Skipping ahead to 1497, Ovid's Metamorphoses (full of shape-changer fantasies) and Dante's Divine Comedy (more influential in SF than you might think) were burnt by order of that fiery reformer Savonarola: Ovid for being erotic and Dante for "vanities". A sixteenth-century Archbishop of Canterbury agreed about Ovid, and burnt his works in 1599. Sir Thomas More didn't dare publish his 1516 SF satire Utopia in England or indeed in English, for fear of Henry VIII's wrath at the digs about royalty. It appeared in Latin, overseas only, and for other reasons Henry had More executed anyway.
My favourite twentieth-century case is the 1920 banning of James Branch Cabell's witty, harmlessly naughty fantasy Jurgen, thanks to John S. Sumner of the New York Society for the Suppression of Vice. In the resulting trial, the publishers were acquitted – partly because the judge believed the book's solemn but totally untrue introduction claiming that it was "based on the medieval legends of Jurgen".
The publicity sent Jurgen's sales sky-high, and Cabell's next book was respectfully dedicated to his benefactor John S. Sumner, who'd "glowingly advertised" him to the public. Cabell claimed to be specially impressed by Sumner's ability to unearth sexy meanings in anything: "I have applied your method to many of the Mother Goose rhymes with rather curious results ..."
Publicity was equally rewarding for the pulp supernatural/horror magazine Weird Tales in 1924, which according to legend sold out fast when readers heard that many newsstands had banned it. The reason was C.M. Eddy's "The Loved Dead", a ghoulish story about a necrophiliac serial killer, revised for publication by the not yet famous H.P. Lovecraft.

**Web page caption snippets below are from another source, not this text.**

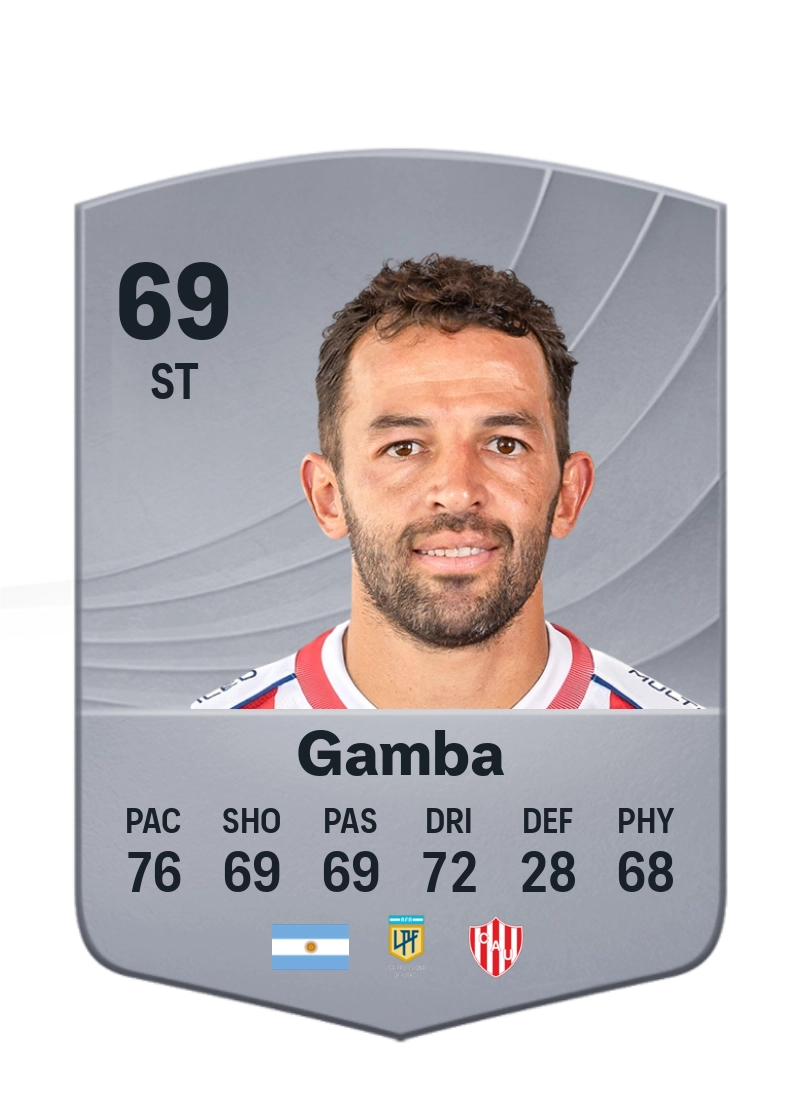 Lucas Gamba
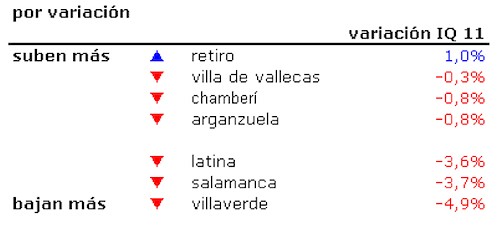 idealista1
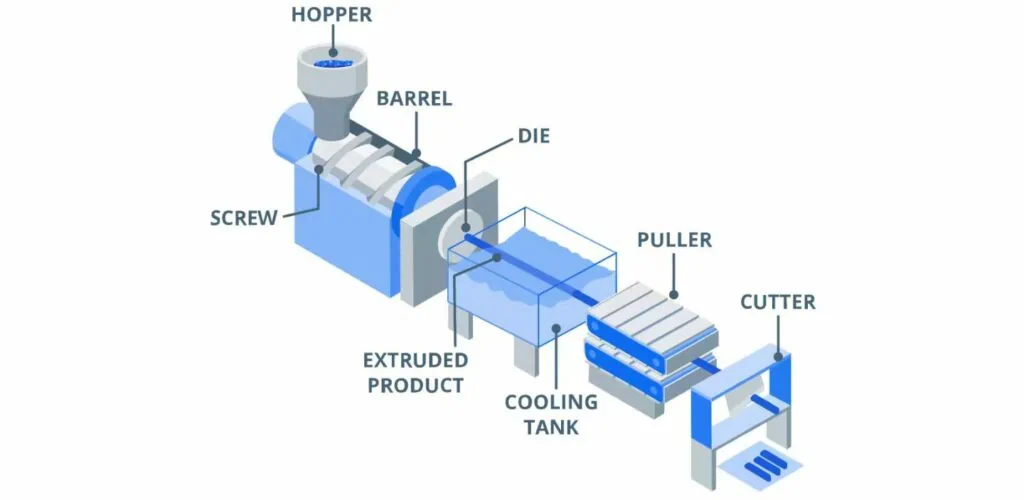 What is a plastic extrusion machine?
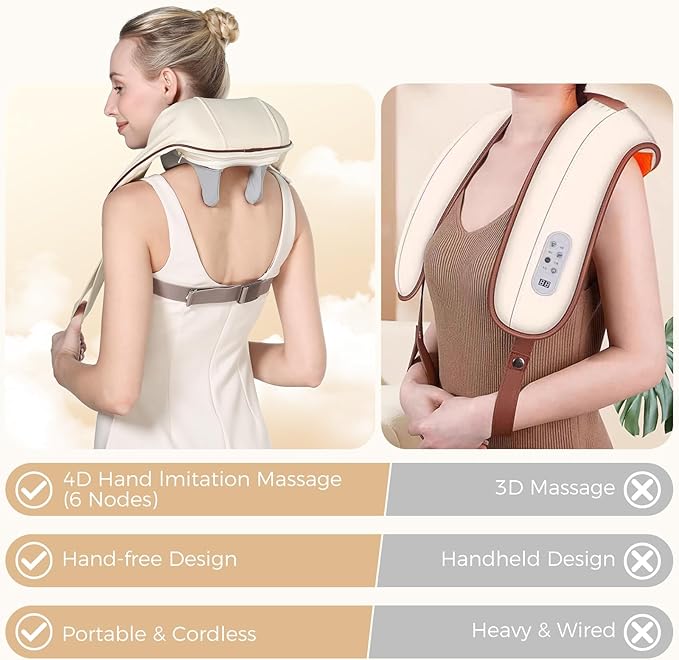 KppeX 4D Deep Cordless Neck Massager, Leg and Back Pain Relief Tissue Kneading, Shiatsu and Shoulder Massager Pillow,Gifts for Men or Women-Mixed White (Lvory White)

Closer to home, the Irish Republic traditionally banned all sorts of things disapproved of by the Vatican – including Brave New World, for general immorality, as late as 1932. (Amazingly, this and Animal Farm remained forbidden into the 1950s in freedom-loving Australia.) It was W.H. Smith's rather than Parliament that halted UK sales of Michael Moorcock's uninhibited, subversive New Worlds magazine in 1968. In the early 1990s, Manchester police came down heavily on David Britton's satirical, deliberately offensive anti-Nazi fantasy Lord Horror, with the odd legal result that the novel was saved from a destruction order in 1992 while the graphic novel stayed banned. Books are for adults, but comics are for kids who must at all costs be protected.
Censors usually end up looking silly in the clear hindsight of history. A splendid example is the late Spike Milligan's surreal post-nuclear-war stage comedy The Bed-Sitting Room, written with John Antrobus and later made into a cult movie. It launched in 1963, when that dread court official the Lord Chamberlain could still shut down British theatres for staging unapproved plays.

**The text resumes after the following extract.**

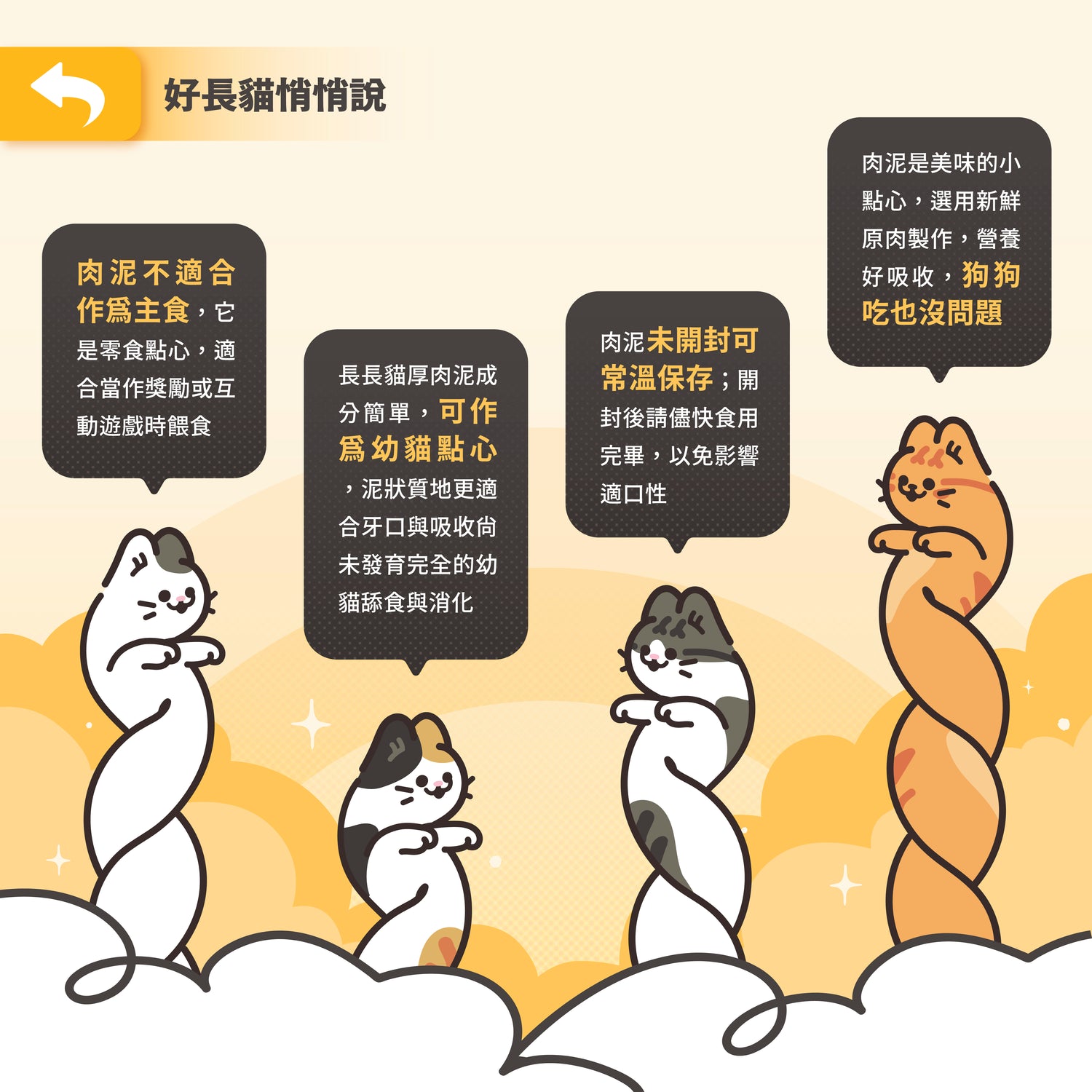 長長貓 厚肉泥 15gx4條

For decades, Milligan treasured the Lord Chamberlain's official letter, on embossed royal notepaper, approving The Bed-Sitting Room if certain changes were made. It begins boringly: "Omit the name of the Prime Minister: no representation of his voice is allowed." Next, Milligan was told to delete the words "clockwork Virgin Mary made in Hong Kong, whistles the twist." Next, "Omit reference to the Royal Family ..."
The Chamberlain droned on: "The mock priest must not wear a crucifix on his snorkel." "Omit 'crap' substitute 'Jazz'." More lines were chopped, from "We've just consummated our marriage ..." to "The Duke of Edinburgh is a wow with Greek dishes." The final demands: "Omit '... the perversions of the rubber ...'. Substitute '... the kreurpels and blinges of the rubber'. Omit the chamber pot under bed."
And that, readers, is how the British public was protected from the SF drama of Spike Milligan.
David Langford wrote "****" here once, but SFX substituted asterisks.